I would say, looking at the description, "A yellow/golden Best Bitter with a good balance of malt and fruity hop on the nose and on the palate. The sweetness follows through to an ultimately more bitter finish":
Wyeast 1968.
Wyeast 1318.
Either will do, but I've used 1968 (The Fullers strain) a lot and I know it to be very reliable and never had a problem with it.
If you look here, at the Wyeast Yeast Style guide.
http://www.wyeastlab.com/hb_styleguidelines.cfm
You simply click on the type of beer you are producing and another page comes up with the recommended yeasts at the bottom.
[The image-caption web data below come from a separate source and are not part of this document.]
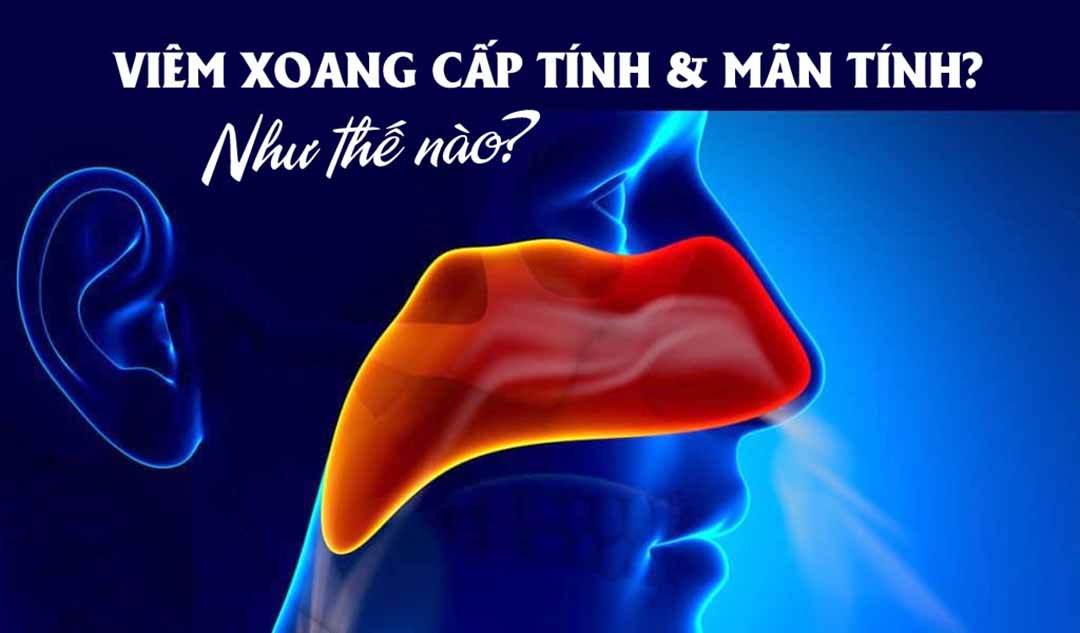 Như thế nào là viêm xoang cấp tính và mãn tính?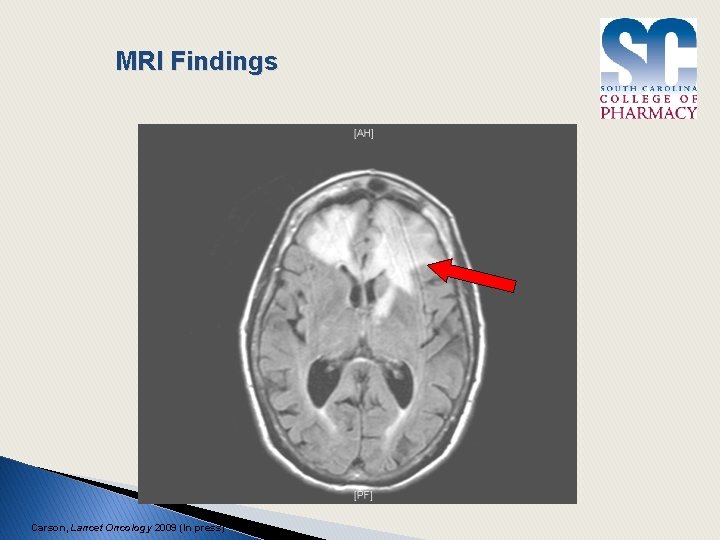 MRI Findings Carson, Lancet Oncology 2009 (In press) 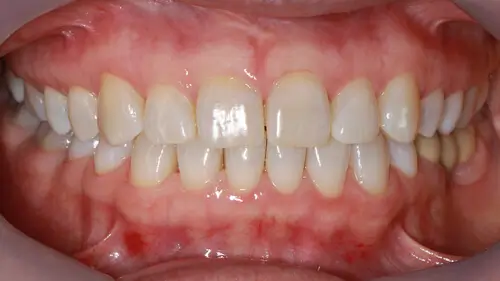 Clear Aligner Therapie 16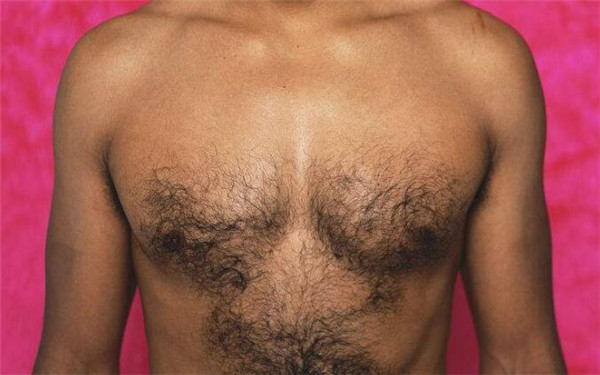 北京哪家醫(yī)院祛斑效果最好？匯總5家頂級醫(yī)院供參考！附最新價目表揭曉！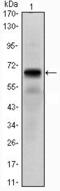 Parathyroid Hormone 1 Receptor antibody, GTX82794, GeneTex, Western Blot image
Clicking on any of the yeasts will take you to the "Yeast Strain Guide" where the description of that yeast (as I've copied above) is available.
Planning: - To get some more brews on now the weather's a bit cooler
Fermenting: - Ginger Beer experiment
Conditioning: - A normal bitter with Styrians
Drinking: - All of it!!
E-mail: arnyfris@gmail.com
Posted 10 months ago by Member
thanks again saracen i will go with your choice and see how it turns out cheers mate
plannin--galaxy pale
plannin--nelson bobek pale
fermentin--centennial pale 3.8%
Posted 10 months ago by Moderator
Ok Outlaw. Note the requirement for a Diacetyl rest. Very important. Leave it in the fermenter for 5 days after the ferment has finished.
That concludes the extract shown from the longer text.